Many newbie questions regarding python

Carl Banks pavlovevidence at
Fri Oct 8 01:25:16 CEST 2010

On Oct 7, 4:10 pm, Rogério Brito <rbr... at> wrote:
>     v = [0 for i in range(20)]
>     v = [0] * 20
>     v = []
>     for i in range(20): v.append(0)
> What should I prefer? Any other alternative?

The Pythonic way is to not to preinitialize the list at all.  Don't
put anything in the list until you have the data you need.

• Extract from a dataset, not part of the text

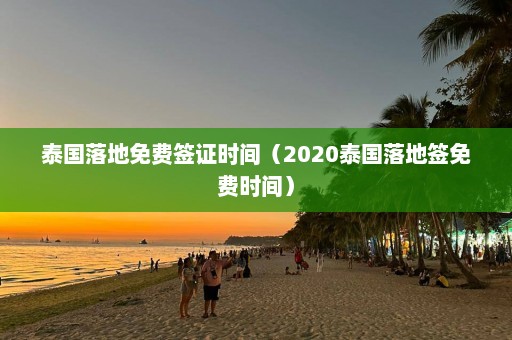 泰国落地免费签证时间（2020泰国落地签免费时间）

> If possible, I would like to simply declare the list and fill it latter in my
> program, as lazily as possible (this happens notoriously when one is using a
> technique of programming called dynamic programming where initializing all
> positions of a table may take too much time in comparison to the filling of the
> array).

So, if I understand you, you are thinking of your list as a table with
dynamically calculated entries, and want to calculate the entries upon

Three possibilities:

1. Initialize the list using v = [None]*n (I recomment using None
instead of 0 for this, in most cases)

2. Use a dict instead.  Dict items pop into existence if you assign
with a key that doesn't exist.

v = {}

Then you can do

v[1] = a
v[10] = n
v[999] = c

3. Consider numpy, which allows preallocation of lists:

v = np.zeros(100)

> For instance, if I
> define:
> class C:
>     f = 1
>     def g(self):
>         return f
> I get an annoying message when I try to call the g method in an object of type
> C, telling me that there's no global symbol called f. If I make g return self.f
> instead, things work as expected, but the code loses some readability.
> Is there any way around this or is that simply "a matter of life"?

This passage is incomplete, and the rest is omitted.